Había una vez un reino junto al mar donde vivía un soldado muy cobarde, aunque todos pensaban que era muy valiente, ya que cuando divisaba al enemigo corría tantísimo que recorría el mundo entero; de este modo llegaba hasta las espaldas del ejército adversario, que, sorprendido por la maniobra, se rendía.

El soldado, además, no era ni fuerte ni cruel ni estratega; se había criado en una familia de pescadores que, al ver que a su hijo le daban miedo las olas, las sirenas y la inmensidad del mar, decidieron hacer carrera de él como pinche de cocina, de resultas que acabó en la intendencia militar de aquel reino belicoso, hasta que un día, por falta de tropa, le pusieron un uniforme, le dieron un fusil y una bayoneta y le hicieron desfilar, ante la mirada atónita de sus padres. El soldado tuvo pesadillas con eso de matar a otro soldado solo porque hubiera nacido en otro reino, hasta que por fin descubrió la treta de salir corriendo y consiguió dormir tranquilo, pues recorrer despavorido el mundo entero cansa mucho, casi tanto como las fiestas que hacían en su honor, para celebrar su táctica tan astuta como novedosa.

Su general le había dado ya cien medallas y el rey se estaba pensando darle la mano de su hija (bueno, la mano y todo lo demás), porque nadie podía concebir hombre más temerario ni guerrero más aguerrido. La princesa era una mujer de gran carácter, que rechazaba y se burlaba de todos los príncipes que la pretendían; por eso el rey pensaba que ante el Soldado Valiente (¡sí, así le llamaban!) no podría evitar caer enamorada, y él por fin tendría nietos a los que iría a visitar los domingos, y no una hija que de lunes a sábado se reía de todos sus pretendientes y de las barbas de su padre. ¿Qué hacía la princesa los domingos? El rey no lo sabía, nunca lo había averiguado; para un día que le dejaba tranquilo€

Un día, el rey se decidió a llamar al soldado. Como no podía desobedecer la orden, el soldado se presentó temblando de miedo y se quedó pasmado ante las riquezas que atesoraba el palacio. Aunque era muy cobarde, cuando vio a la princesa se le olvidaron las riquezas y las batallas y los enemigos y el rey y se dio cuenta de que se había enamorado; la princesa era su alma gemela y al fin la había encontrado. También supo que era imposible que una mujer así se fijara en él y que si de un modo improbable pudiera llegar a hacerlo, cuando le confesara la verdad de su cobardía, la princesa se reiría de él y seguiría con lo que fuera que hacía la princesa cuando no se burlaba de soldados cobardes y de las barbas de su padre. Así que decidió amarla para siempre en silencio: con esa idea, compraría una foto de la princesa y la pondría en su dormitorio, para poder conversar con ella sin que la princesa tuviera que tomarse la molestia de responderle.

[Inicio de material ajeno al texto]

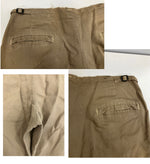 ヴィンテージ vintage ~50’s 50年代 EURO ユーロワーク ピケパンツ 太畝 ワークパンツ DOT SNAPPER WALDES ZIPPER サイドアジャスター付き スラックス ベージュ - 101MB-680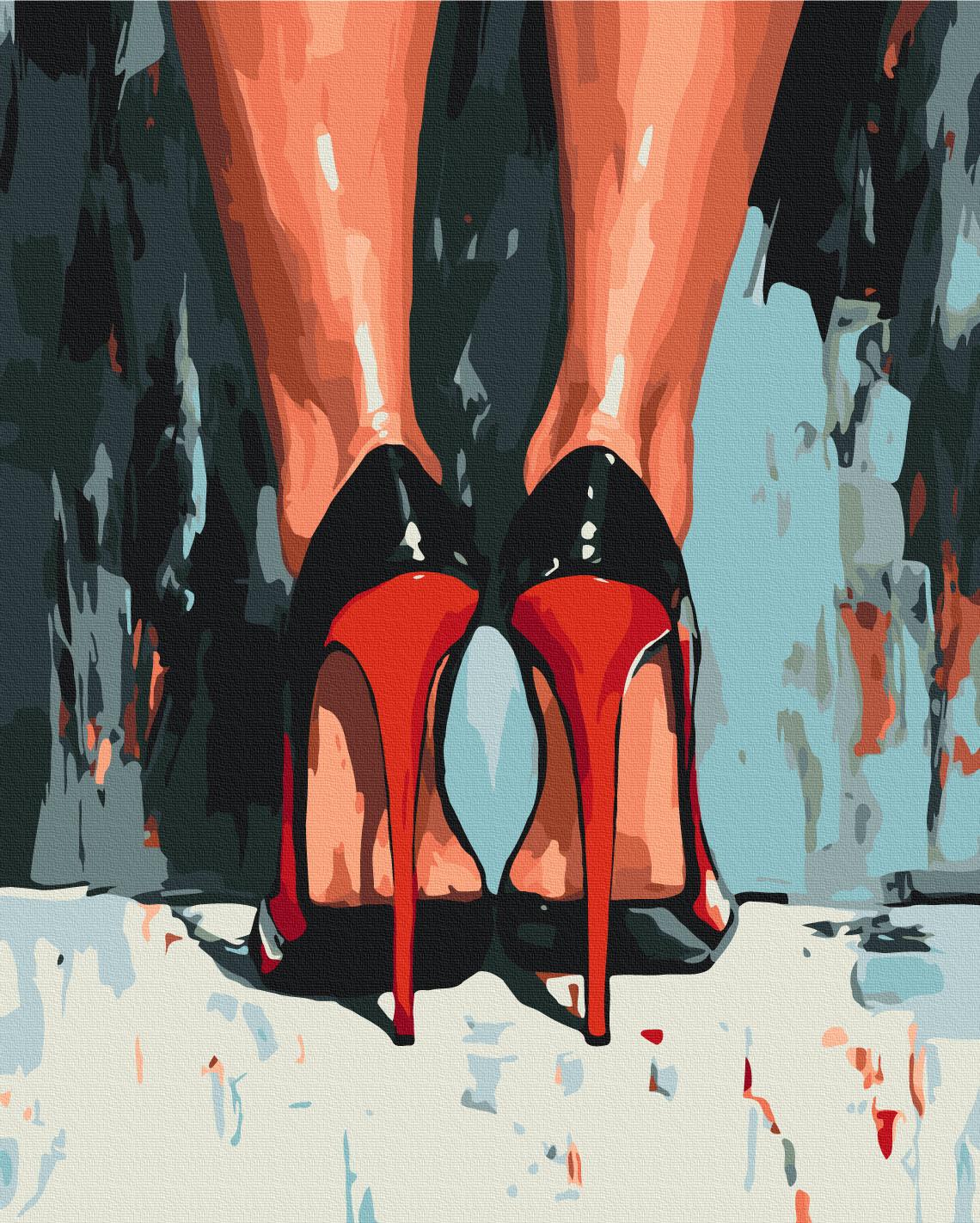 Картина по номерам Brushme Каблуки, которые решают все 40x50 см (BS54343)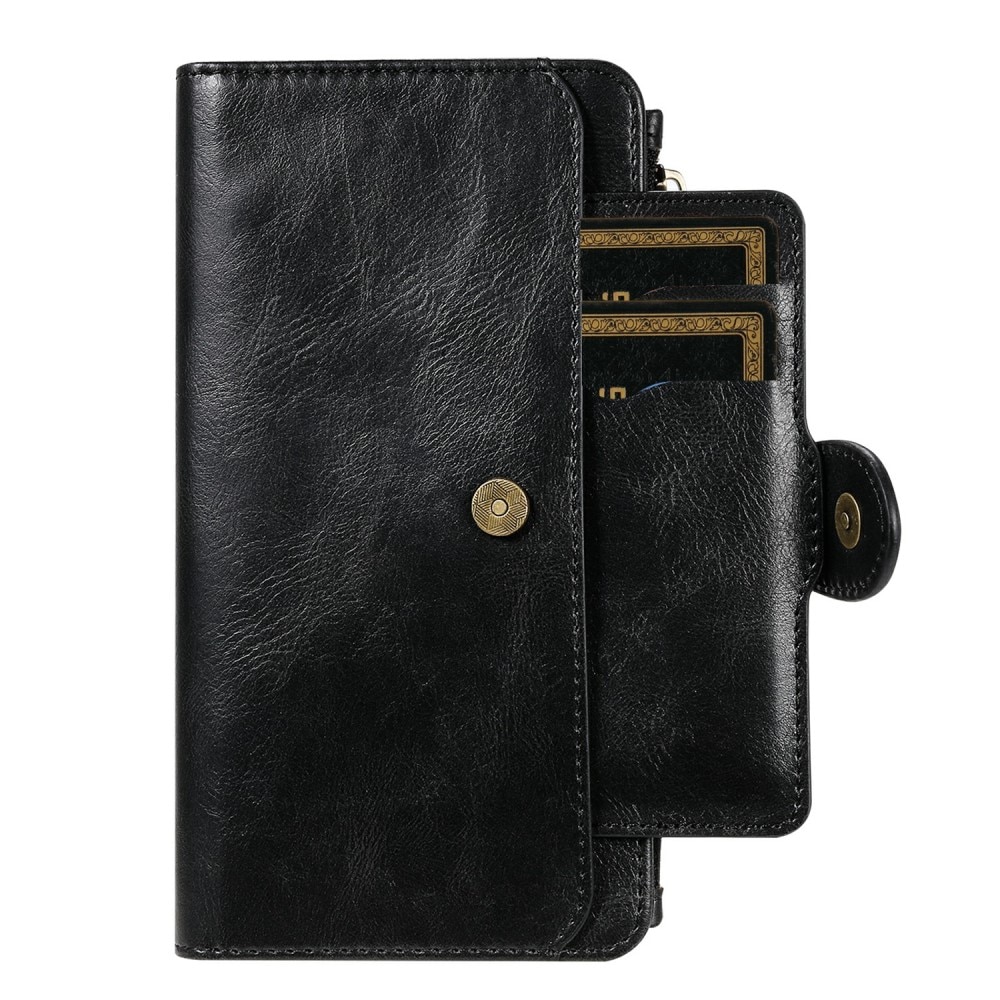 Magnet Leather Multi Wallet iPhone 13 negro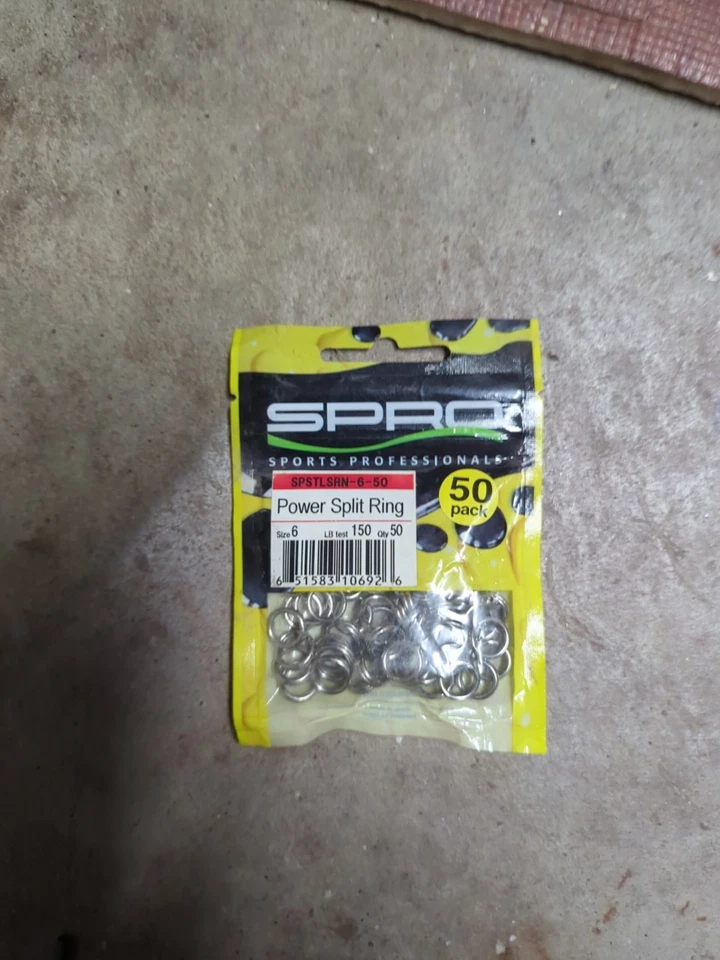 SPRO Power Split Rings 50 Pack Size 6 150 LB - Image 1 of 1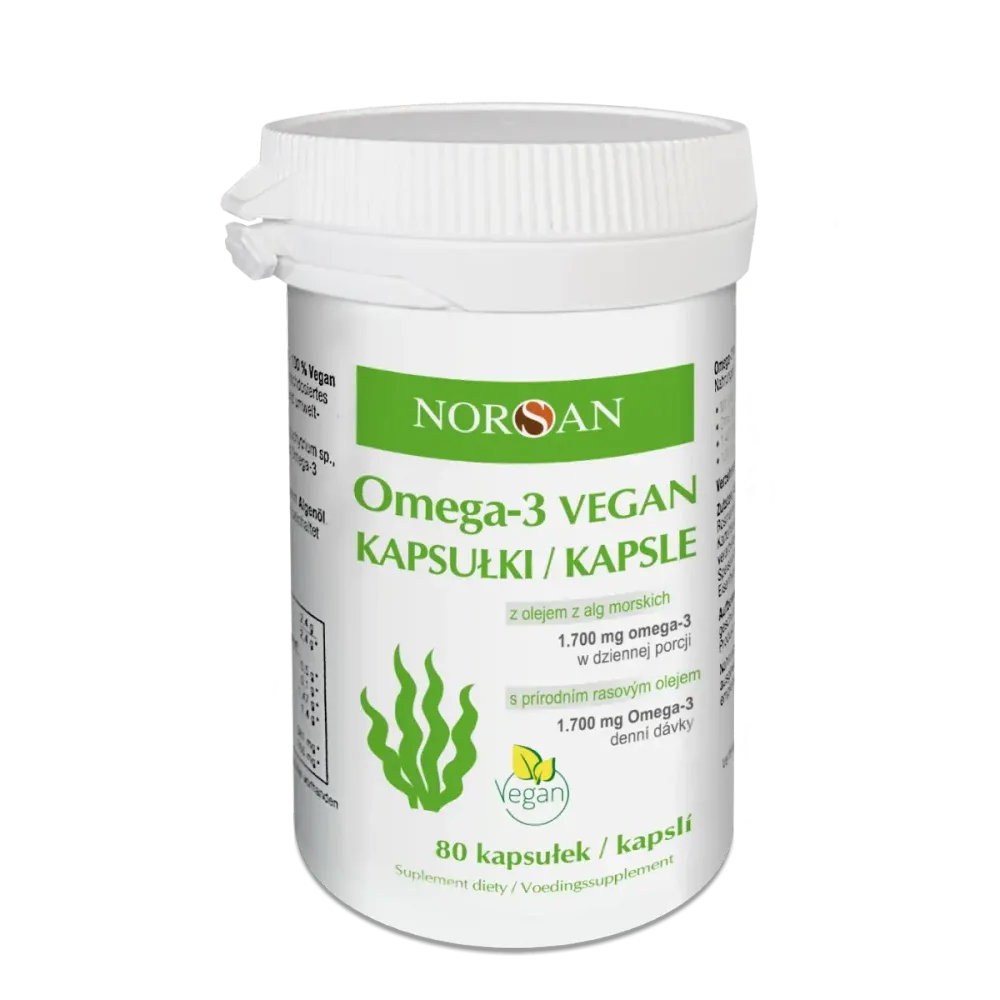 Norsan Omega-3 Vegan Capsules - 80 капсул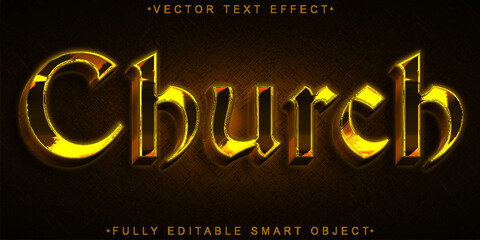 Poster - Christ Church Vector Fully Editable Smart Object Text Effect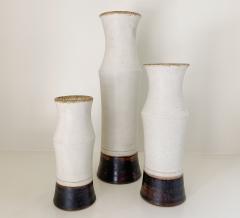 Bruno Gambone Set of Three Bruno Gambone Vases - 2110265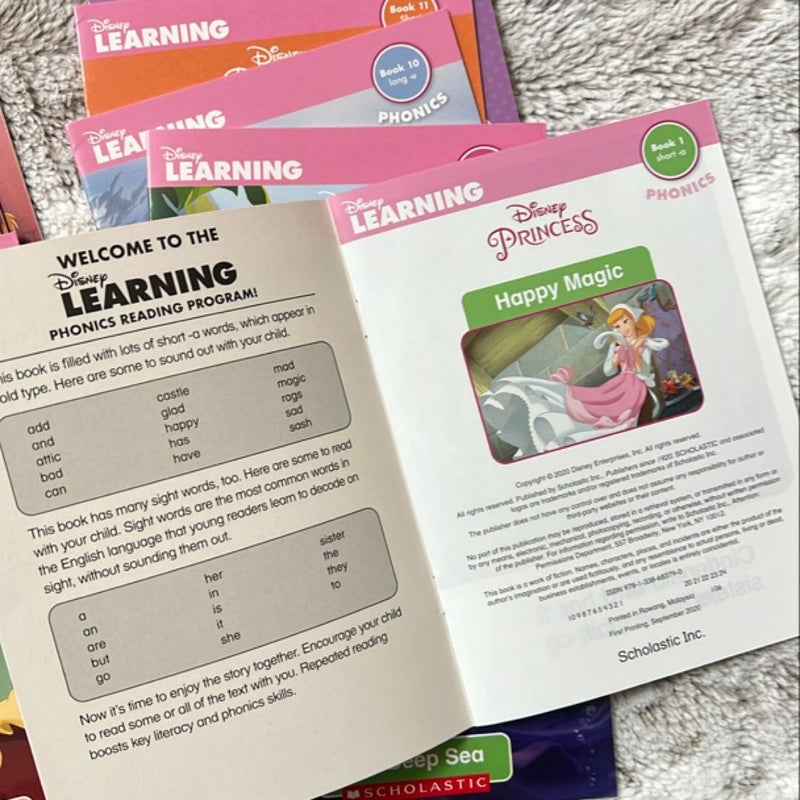 Disney Princess Phonics Reading Program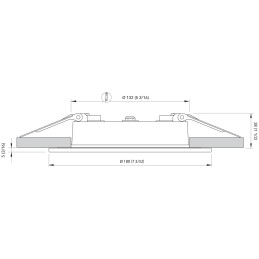 Quick Faretto LED ad Incasso KLEOS 180 12W IP66 Inox Lucido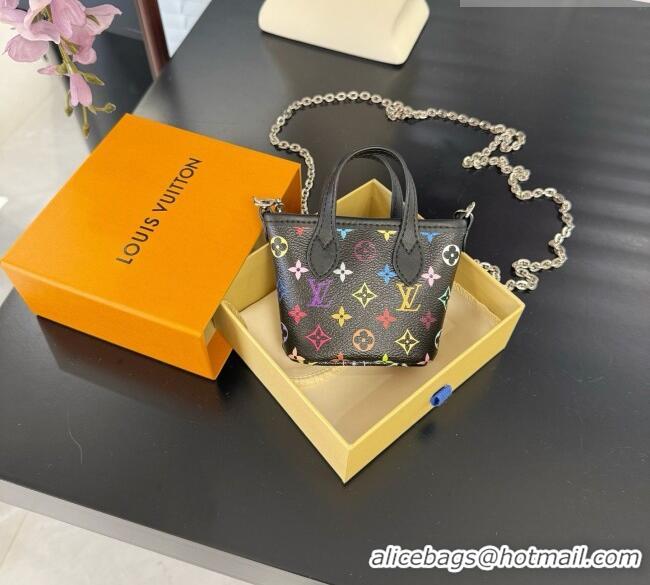 Luxury Cheap Louis Vuitton Nano Neverfull Card Holder M29557 LV081942 Black 2026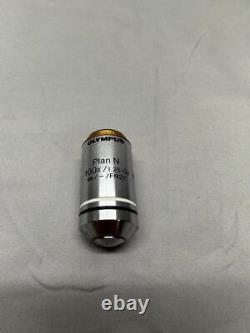 Olympus Microscope Objective Lens 100x / 1.25 Oil Plan N FN22 (F)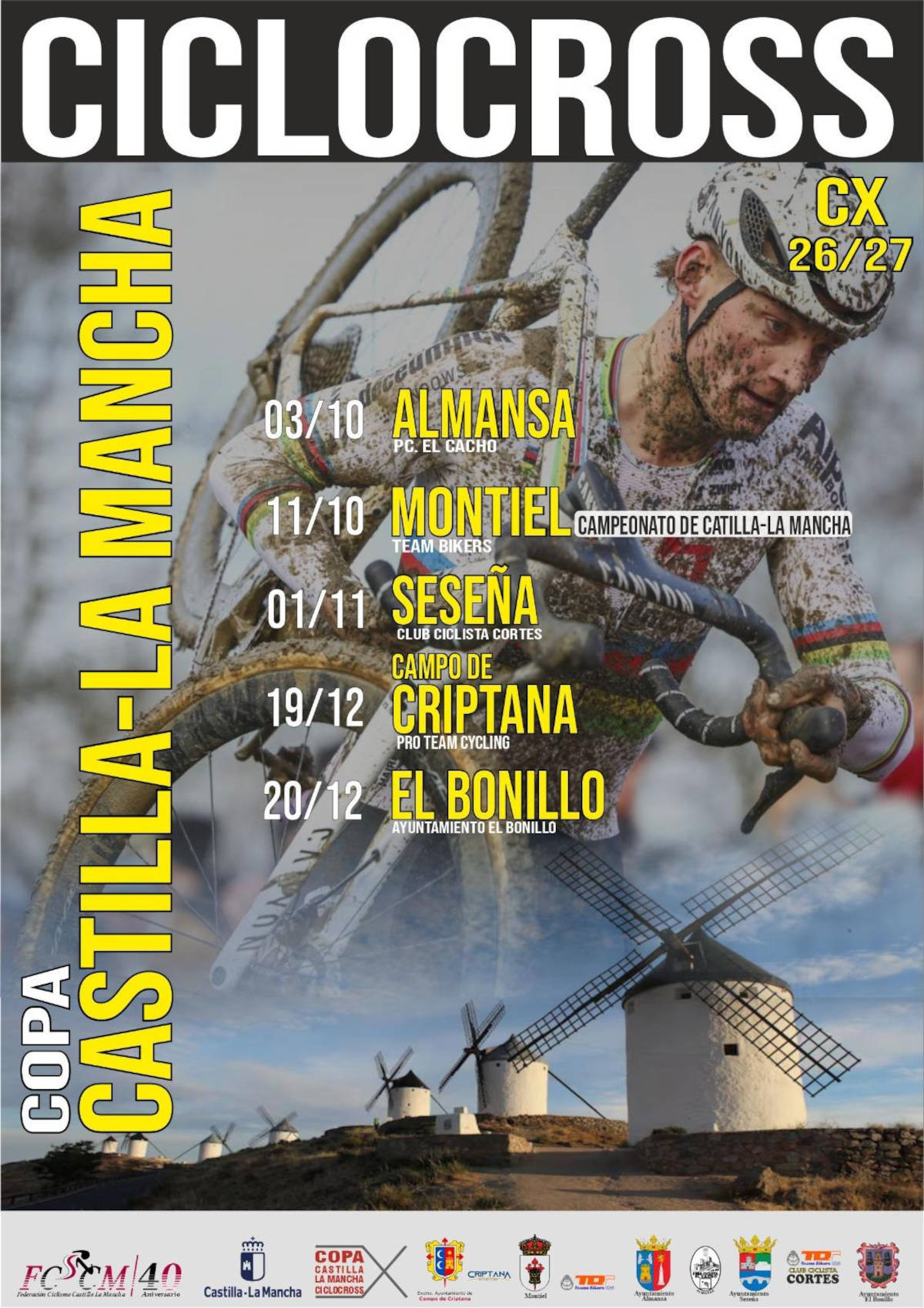 Cartel oficial del campeonato. Imagen: Federación de Ciclismo de Castilla-La Mancha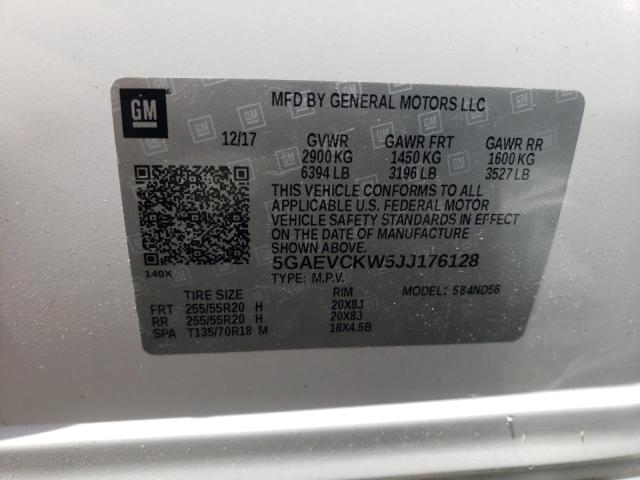 2018 BUICK ENCLAVE AV 5GAEVCKW5JJ176128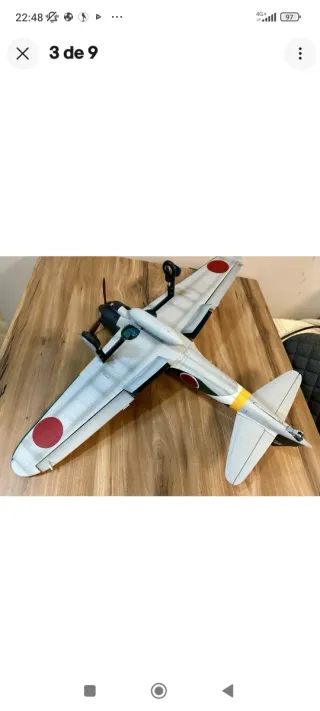 Caza Mitsubishi Zero 21st Century Toys 1/18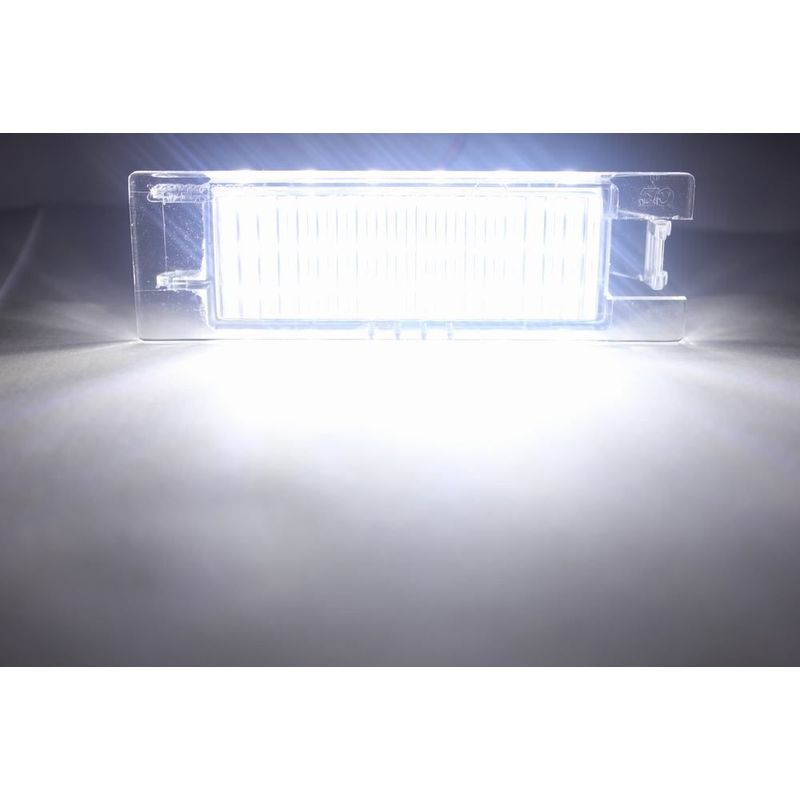 Auto si Moto - Electrice auto - Iluminare si semnalizare - Becuri auto - Set de 2 lampi numar led Xentech Light OPEL Zafira B, Astra H, Astra J, Corsa D, Insignia - Infinity.ro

En efecto, la princesa contempló al soldado y se encogió de hombros. No era para tanto y, si quería estar con ella, se lo tendría que currar. Puso la mejor de sus sonrisas y con su voz más seductora le dijo al soldado:

-Soldado Valiente, si me respondes a una cosa, me caso contigo: ¿qué hago los domingos cuando no estoy en casa y dejo de reírme de mis pretendientes y de las barbas de mi padre?

El soldado la miró y le dijo:

-Los domingos, bella princesa, echas a correr sin parar, porque tienes miedo de casarte con un príncipe aburrido e interesado que solo quiere tus riquezas. Corres tanto que, sin darte cuenta, das la vuelta al mundo y acabas otra vez en tu bonito palacio lleno de riquezas.

A la princesa se le olvidaron las riquezas y los pretendientes y las barbas de su padre y se dio cuenta de que se había enamorado; el soldado era su alma gemela y al fin la había encontrado.